[PATCH v2 1/2] drm/amdkfd: check access permisson to restore retry fault
Felix Kuehling
felix.kuehling at amd.com
Fri Aug 20 22:09:59 UTC 2021
Am 2021-08-20 um 2:31 p.m. schrieb Philip Yang:
> Check range access permission to restore GPU retry fault, if GPU retry
> fault on address which belongs to VMA, and VMA has no read or write
> permission requested by GPU, failed to restore the address. The vm fault
> event will pass back to user space.
>
> Signed-off-by: Philip Yang <Philip.Yang at amd.com>
> ---
> drivers/gpu/drm/amd/amdgpu/amdgpu_vm.c | 5 +++--
> drivers/gpu/drm/amd/amdgpu/amdgpu_vm.h | 2 +-
> drivers/gpu/drm/amd/amdgpu/gmc_v10_0.c | 3 ++-
> drivers/gpu/drm/amd/amdgpu/gmc_v9_0.c | 3 ++-
> drivers/gpu/drm/amd/amdkfd/kfd_svm.c | 29 +++++++++++++++++++++++++-
> drivers/gpu/drm/amd/amdkfd/kfd_svm.h | 5 +++--
> 6 files changed, 39 insertions(+), 8 deletions(-)
>
> diff --git a/drivers/gpu/drm/amd/amdgpu/amdgpu_vm.c b/drivers/gpu/drm/amd/amdgpu/amdgpu_vm.c
> index 831f00644460..bbb892d8f489 100644
> --- a/drivers/gpu/drm/amd/amdgpu/amdgpu_vm.c
> +++ b/drivers/gpu/drm/amd/amdgpu/amdgpu_vm.c
> @@ -3347,12 +3347,13 @@ void amdgpu_vm_set_task_info(struct amdgpu_vm *vm)

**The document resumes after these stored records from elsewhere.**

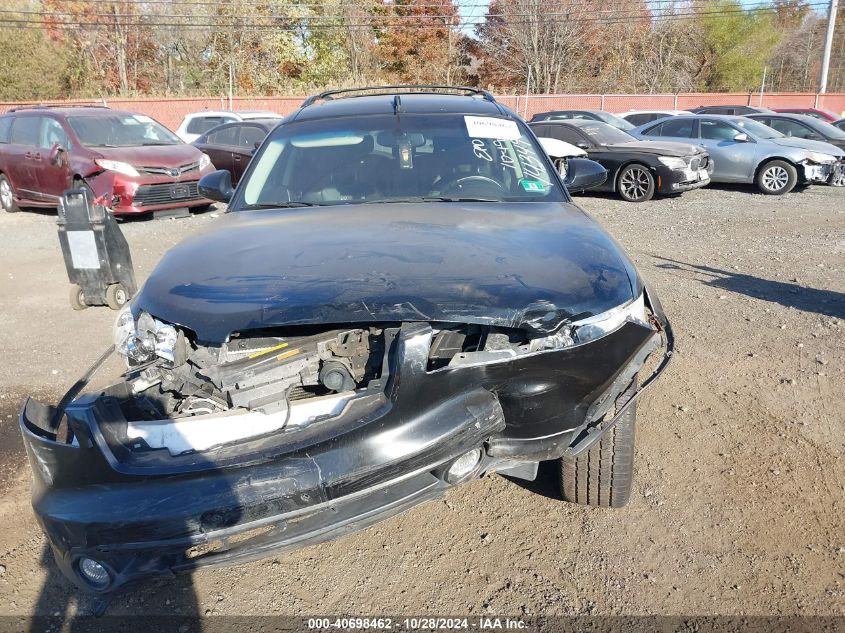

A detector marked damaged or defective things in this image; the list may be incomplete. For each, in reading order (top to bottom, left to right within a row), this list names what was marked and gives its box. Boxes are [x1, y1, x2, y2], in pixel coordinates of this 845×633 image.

crumpled hood [604, 141, 704, 157]
crumpled hood [772, 136, 844, 158]
broken headlight [113, 302, 178, 362]
damaged black suv [18, 85, 672, 592]
crumpled hood [137, 202, 640, 344]
crushed front bumper [19, 288, 672, 592]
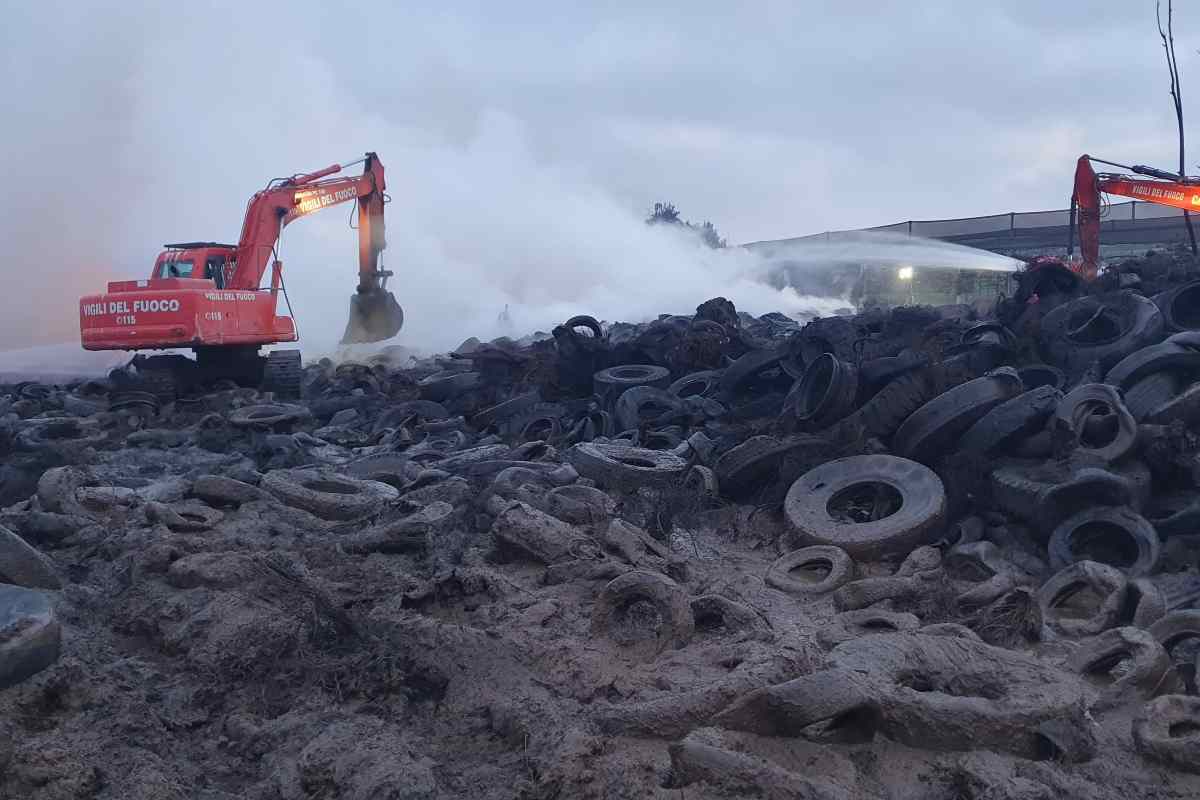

> * @adev: amdgpu device pointer
> * @pasid: PASID of the VM
> * @addr: Address of the fault
> + * @write_fault: 0 is read fault, 1 is write fault
That should say true/false instead of 0/1. With that fixed, the series is
Reviewed-by: Felix Kuehling <Felix.Kuehling at amd.com>
> *
> * Try to gracefully handle a VM fault. Return true if the fault was handled and
> * shouldn't be reported any more.
> */
> bool amdgpu_vm_handle_fault(struct amdgpu_device *adev, u32 pasid,
> - uint64_t addr)
> + uint64_t addr, bool write_fault)
> {
> bool is_compute_context = false;
> struct amdgpu_bo *root;
> @@ -3377,7 +3378,7 @@ bool amdgpu_vm_handle_fault(struct amdgpu_device *adev, u32 pasid,
> addr /= AMDGPU_GPU_PAGE_SIZE;
>
> if (is_compute_context &&
> - !svm_range_restore_pages(adev, pasid, addr)) {
> + !svm_range_restore_pages(adev, pasid, addr, write_fault)) {
> amdgpu_bo_unref(&root);
> return true;
> }
> diff --git a/drivers/gpu/drm/amd/amdgpu/amdgpu_vm.h b/drivers/gpu/drm/amd/amdgpu/amdgpu_vm.h
> index 80cc9ab2c1d0..85fcfb8c5efd 100644
> --- a/drivers/gpu/drm/amd/amdgpu/amdgpu_vm.h
> +++ b/drivers/gpu/drm/amd/amdgpu/amdgpu_vm.h
> @@ -448,7 +448,7 @@ void amdgpu_vm_check_compute_bug(struct amdgpu_device *adev);
> void amdgpu_vm_get_task_info(struct amdgpu_device *adev, u32 pasid,
> struct amdgpu_task_info *task_info);
> bool amdgpu_vm_handle_fault(struct amdgpu_device *adev, u32 pasid,
> - uint64_t addr);
> + uint64_t addr, bool write_fault);
>
> void amdgpu_vm_set_task_info(struct amdgpu_vm *vm);
>
> diff --git a/drivers/gpu/drm/amd/amdgpu/gmc_v10_0.c b/drivers/gpu/drm/amd/amdgpu/gmc_v10_0.c
> index 24b781e90bef..41c3a0d70b7c 100644
> --- a/drivers/gpu/drm/amd/amdgpu/gmc_v10_0.c
> +++ b/drivers/gpu/drm/amd/amdgpu/gmc_v10_0.c
> @@ -93,6 +93,7 @@ static int gmc_v10_0_process_interrupt(struct amdgpu_device *adev,
> struct amdgpu_iv_entry *entry)
> {
> bool retry_fault = !!(entry->src_data[1] & 0x80);
> + bool write_fault = !!(entry->src_data[1] & 0x20);
> struct amdgpu_vmhub *hub = &adev->vmhub[entry->vmid_src];
> struct amdgpu_task_info task_info;
> uint32_t status = 0;
> @@ -121,7 +122,7 @@ static int gmc_v10_0_process_interrupt(struct amdgpu_device *adev,
> /* Try to handle the recoverable page faults by filling page
> * tables
> */
> - if (amdgpu_vm_handle_fault(adev, entry->pasid, addr))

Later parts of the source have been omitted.